**Work to be completed:** Set down a precise copy of the whole listing.

##########

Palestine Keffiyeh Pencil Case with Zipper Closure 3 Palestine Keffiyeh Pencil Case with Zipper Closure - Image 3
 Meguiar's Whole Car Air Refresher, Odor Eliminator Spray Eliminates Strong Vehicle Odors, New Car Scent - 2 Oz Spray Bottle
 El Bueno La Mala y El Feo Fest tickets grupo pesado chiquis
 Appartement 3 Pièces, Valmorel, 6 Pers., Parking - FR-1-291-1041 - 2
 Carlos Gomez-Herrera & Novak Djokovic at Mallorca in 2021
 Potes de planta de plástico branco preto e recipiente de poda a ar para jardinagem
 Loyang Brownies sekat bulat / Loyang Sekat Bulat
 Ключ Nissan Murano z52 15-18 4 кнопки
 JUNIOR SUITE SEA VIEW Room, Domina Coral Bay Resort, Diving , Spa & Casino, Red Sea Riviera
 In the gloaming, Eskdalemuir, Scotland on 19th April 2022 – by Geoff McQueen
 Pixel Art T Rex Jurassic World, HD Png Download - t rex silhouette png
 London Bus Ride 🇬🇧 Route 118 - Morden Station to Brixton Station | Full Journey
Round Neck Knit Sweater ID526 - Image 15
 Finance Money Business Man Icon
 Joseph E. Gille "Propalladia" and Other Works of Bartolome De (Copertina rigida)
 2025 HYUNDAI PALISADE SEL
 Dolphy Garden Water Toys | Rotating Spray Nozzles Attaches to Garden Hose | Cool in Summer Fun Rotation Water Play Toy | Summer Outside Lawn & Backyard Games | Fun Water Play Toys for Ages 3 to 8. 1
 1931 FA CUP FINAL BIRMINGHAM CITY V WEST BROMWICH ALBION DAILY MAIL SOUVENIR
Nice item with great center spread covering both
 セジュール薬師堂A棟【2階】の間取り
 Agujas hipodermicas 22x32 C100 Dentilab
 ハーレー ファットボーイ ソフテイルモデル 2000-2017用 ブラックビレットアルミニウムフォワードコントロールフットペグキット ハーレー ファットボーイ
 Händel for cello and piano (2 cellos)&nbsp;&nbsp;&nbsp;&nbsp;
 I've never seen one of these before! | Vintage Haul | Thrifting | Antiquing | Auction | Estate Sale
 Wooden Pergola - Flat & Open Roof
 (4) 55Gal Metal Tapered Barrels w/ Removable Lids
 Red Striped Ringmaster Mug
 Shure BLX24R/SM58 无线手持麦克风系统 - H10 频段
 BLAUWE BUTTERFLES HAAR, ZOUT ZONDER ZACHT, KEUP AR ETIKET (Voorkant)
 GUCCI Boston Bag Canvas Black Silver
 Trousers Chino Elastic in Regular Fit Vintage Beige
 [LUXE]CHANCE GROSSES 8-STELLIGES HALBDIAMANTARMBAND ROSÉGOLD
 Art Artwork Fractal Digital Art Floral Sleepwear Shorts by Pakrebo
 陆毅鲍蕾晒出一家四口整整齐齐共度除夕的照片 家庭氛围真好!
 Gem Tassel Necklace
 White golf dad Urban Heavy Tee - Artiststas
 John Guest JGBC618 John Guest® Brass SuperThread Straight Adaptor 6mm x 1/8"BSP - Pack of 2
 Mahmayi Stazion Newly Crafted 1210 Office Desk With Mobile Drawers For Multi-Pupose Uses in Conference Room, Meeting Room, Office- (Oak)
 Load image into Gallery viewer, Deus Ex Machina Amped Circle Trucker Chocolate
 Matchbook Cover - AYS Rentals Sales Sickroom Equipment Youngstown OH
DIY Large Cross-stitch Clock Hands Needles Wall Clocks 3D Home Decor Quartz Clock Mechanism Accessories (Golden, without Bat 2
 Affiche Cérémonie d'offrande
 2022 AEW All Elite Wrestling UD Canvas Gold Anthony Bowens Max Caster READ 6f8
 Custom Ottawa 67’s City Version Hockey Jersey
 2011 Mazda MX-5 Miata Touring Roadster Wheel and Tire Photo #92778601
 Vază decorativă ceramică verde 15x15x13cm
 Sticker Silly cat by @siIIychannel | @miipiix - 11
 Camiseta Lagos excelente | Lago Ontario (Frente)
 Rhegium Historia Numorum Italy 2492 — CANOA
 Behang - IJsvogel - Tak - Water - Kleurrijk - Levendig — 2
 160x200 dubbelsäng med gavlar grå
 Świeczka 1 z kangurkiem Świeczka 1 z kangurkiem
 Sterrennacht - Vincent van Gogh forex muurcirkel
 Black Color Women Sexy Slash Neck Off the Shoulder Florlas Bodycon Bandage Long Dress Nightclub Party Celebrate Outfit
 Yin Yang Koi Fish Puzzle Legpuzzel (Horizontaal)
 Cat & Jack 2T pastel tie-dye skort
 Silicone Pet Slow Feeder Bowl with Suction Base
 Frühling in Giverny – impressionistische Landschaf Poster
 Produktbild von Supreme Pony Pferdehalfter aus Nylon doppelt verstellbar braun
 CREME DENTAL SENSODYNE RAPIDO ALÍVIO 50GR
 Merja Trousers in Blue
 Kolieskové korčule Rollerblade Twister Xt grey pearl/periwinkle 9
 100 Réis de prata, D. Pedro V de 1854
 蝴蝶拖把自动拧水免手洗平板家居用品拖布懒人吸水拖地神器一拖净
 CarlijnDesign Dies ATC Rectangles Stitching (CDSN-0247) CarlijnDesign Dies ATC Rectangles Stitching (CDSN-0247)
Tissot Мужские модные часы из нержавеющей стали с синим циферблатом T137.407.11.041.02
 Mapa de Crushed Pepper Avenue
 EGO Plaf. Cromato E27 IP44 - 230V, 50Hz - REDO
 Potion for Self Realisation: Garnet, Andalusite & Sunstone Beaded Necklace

##########

**Solution for this exercise:**
Palestine Keffiyeh Pencil Case with Zipper Closure 3 Palestine Keffiyeh Pencil Case with Zipper Closure - Image 3
 Meguiar's Whole Car Air Refresher, Odor Eliminator Spray Eliminates Strong Vehicle Odors, New Car Scent - 2 Oz Spray Bottle
 El Bueno La Mala y El Feo Fest tickets grupo pesado chiquis
 Appartement 3 Pièces, Valmorel, 6 Pers., Parking - FR-1-291-1041 - 2
 Carlos Gomez-Herrera & Novak Djokovic at Mallorca in 2021
 Potes de planta de plástico branco preto e recipiente de poda a ar para jardinagem
 Loyang Brownies sekat bulat / Loyang Sekat Bulat
 Ключ Nissan Murano z52 15-18 4 кнопки
 JUNIOR SUITE SEA VIEW Room, Domina Coral Bay Resort, Diving , Spa & Casino, Red Sea Riviera
 In the gloaming, Eskdalemuir, Scotland on 19th April 2022 – by Geoff McQueen
 Pixel Art T Rex Jurassic World, HD Png Download - t rex silhouette png
 London Bus Ride 🇬🇧 Route 118 - Morden Station to Brixton Station | Full Journey
Round Neck Knit Sweater ID526 - Image 15
 Finance Money Business Man Icon
 Joseph E. Gille "Propalladia" and Other Works of Bartolome De (Copertina rigida)
 2025 HYUNDAI PALISADE SEL
 Dolphy Garden Water Toys | Rotating Spray Nozzles Attaches to Garden Hose | Cool in Summer Fun Rotation Water Play Toy | Summer Outside Lawn & Backyard Games | Fun Water Play Toys for Ages 3 to 8. 1
 1931 FA CUP FINAL BIRMINGHAM CITY V WEST BROMWICH ALBION DAILY MAIL SOUVENIR
Nice item with great center spread covering both
 セジュール薬師堂A棟【2階】の間取り
 Agujas hipodermicas 22x32 C100 Dentilab
 ハーレー ファットボーイ ソフテイルモデル 2000-2017用 ブラックビレットアルミニウムフォワードコントロールフットペグキット ハーレー ファットボーイ
 Händel for cello and piano (2 cellos)&nbsp;&nbsp;&nbsp;&nbsp;
 I've never seen one of these before! | Vintage Haul | Thrifting | Antiquing | Auction | Estate Sale
 Wooden Pergola - Flat & Open Roof
 (4) 55Gal Metal Tapered Barrels w/ Removable Lids
 Red Striped Ringmaster Mug
 Shure BLX24R/SM58 无线手持麦克风系统 - H10 频段
 BLAUWE BUTTERFLES HAAR, ZOUT ZONDER ZACHT, KEUP AR ETIKET (Voorkant)
 GUCCI Boston Bag Canvas Black Silver
 Trousers Chino Elastic in Regular Fit Vintage Beige
 [LUXE]CHANCE GROSSES 8-STELLIGES HALBDIAMANTARMBAND ROSÉGOLD
 Art Artwork Fractal Digital Art Floral Sleepwear Shorts by Pakrebo
 陆毅鲍蕾晒出一家四口整整齐齐共度除夕的照片 家庭氛围真好!
 Gem Tassel Necklace
 White golf dad Urban Heavy Tee - Artiststas
 John Guest JGBC618 John Guest® Brass SuperThread Straight Adaptor 6mm x 1/8"BSP - Pack of 2
 Mahmayi Stazion Newly Crafted 1210 Office Desk With Mobile Drawers For Multi-Pupose Uses in Conference Room, Meeting Room, Office- (Oak)
 Load image into Gallery viewer, Deus Ex Machina Amped Circle Trucker Chocolate
 Matchbook Cover - AYS Rentals Sales Sickroom Equipment Youngstown OH
DIY Large Cross-stitch Clock Hands Needles Wall Clocks 3D Home Decor Quartz Clock Mechanism Accessories (Golden, without Bat 2
 Affiche Cérémonie d'offrande
 2022 AEW All Elite Wrestling UD Canvas Gold Anthony Bowens Max Caster READ 6f8
 Custom Ottawa 67’s City Version Hockey Jersey
 2011 Mazda MX-5 Miata Touring Roadster Wheel and Tire Photo #92778601
 Vază decorativă ceramică verde 15x15x13cm
 Sticker Silly cat by @siIIychannel | @miipiix - 11
 Camiseta Lagos excelente | Lago Ontario (Frente)
 Rhegium Historia Numorum Italy 2492 — CANOA
 Behang - IJsvogel - Tak - Water - Kleurrijk - Levendig — 2
 160x200 dubbelsäng med gavlar grå
 Świeczka 1 z kangurkiem Świeczka 1 z kangurkiem
 Sterrennacht - Vincent van Gogh forex muurcirkel
 Black Color Women Sexy Slash Neck Off the Shoulder Florlas Bodycon Bandage Long Dress Nightclub Party Celebrate Outfit
 Yin Yang Koi Fish Puzzle Legpuzzel (Horizontaal)
 Cat & Jack 2T pastel tie-dye skort
 Silicone Pet Slow Feeder Bowl with Suction Base
 Frühling in Giverny – impressionistische Landschaf Poster
 Produktbild von Supreme Pony Pferdehalfter aus Nylon doppelt verstellbar braun
 CREME DENTAL SENSODYNE RAPIDO ALÍVIO 50GR
 Merja Trousers in Blue
 Kolieskové korčule Rollerblade Twister Xt grey pearl/periwinkle 9
 100 Réis de prata, D. Pedro V de 1854
 蝴蝶拖把自动拧水免手洗平板家居用品拖布懒人吸水拖地神器一拖净
 CarlijnDesign Dies ATC Rectangles Stitching (CDSN-0247) CarlijnDesign Dies ATC Rectangles Stitching (CDSN-0247)
Tissot Мужские модные часы из нержавеющей стали с синим циферблатом T137.407.11.041.02
 Mapa de Crushed Pepper Avenue
 EGO Plaf. Cromato E27 IP44 - 230V, 50Hz - REDO
 Potion for Self Realisation: Garnet, Andalusite & Sunstone Beaded Necklace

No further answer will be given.